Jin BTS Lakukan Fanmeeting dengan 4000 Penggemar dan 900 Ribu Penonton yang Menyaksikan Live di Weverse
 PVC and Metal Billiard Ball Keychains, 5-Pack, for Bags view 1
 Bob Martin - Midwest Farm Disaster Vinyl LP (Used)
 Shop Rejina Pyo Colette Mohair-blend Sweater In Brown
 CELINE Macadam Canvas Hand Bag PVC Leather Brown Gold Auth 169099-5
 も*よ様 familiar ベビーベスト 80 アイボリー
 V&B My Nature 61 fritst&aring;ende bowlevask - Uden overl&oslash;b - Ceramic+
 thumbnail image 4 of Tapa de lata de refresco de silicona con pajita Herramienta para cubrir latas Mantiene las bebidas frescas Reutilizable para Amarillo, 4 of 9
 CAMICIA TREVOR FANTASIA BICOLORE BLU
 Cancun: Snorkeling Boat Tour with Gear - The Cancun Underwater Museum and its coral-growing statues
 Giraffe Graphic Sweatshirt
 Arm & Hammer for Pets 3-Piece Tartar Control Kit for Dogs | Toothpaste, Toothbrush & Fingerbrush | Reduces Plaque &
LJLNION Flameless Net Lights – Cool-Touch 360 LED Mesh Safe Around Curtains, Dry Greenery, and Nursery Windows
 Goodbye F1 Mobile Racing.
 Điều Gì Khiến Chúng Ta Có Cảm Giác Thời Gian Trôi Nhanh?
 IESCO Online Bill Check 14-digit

## REQUIRED ACTION
Please make an exact copy of the lines above from the line with "thumbnail image 4" through the line with "CAMICIA TREVOR FANTASIA BICOLORE BLU", both ends included.

## EXERCISE ANSWER
 thumbnail image 4 of Tapa de lata de refresco de silicona con pajita Herramienta para cubrir latas Mantiene las bebidas frescas Reutilizable para Amarillo, 4 of 9
 CAMICIA TREVOR FANTASIA BICOLORE BLU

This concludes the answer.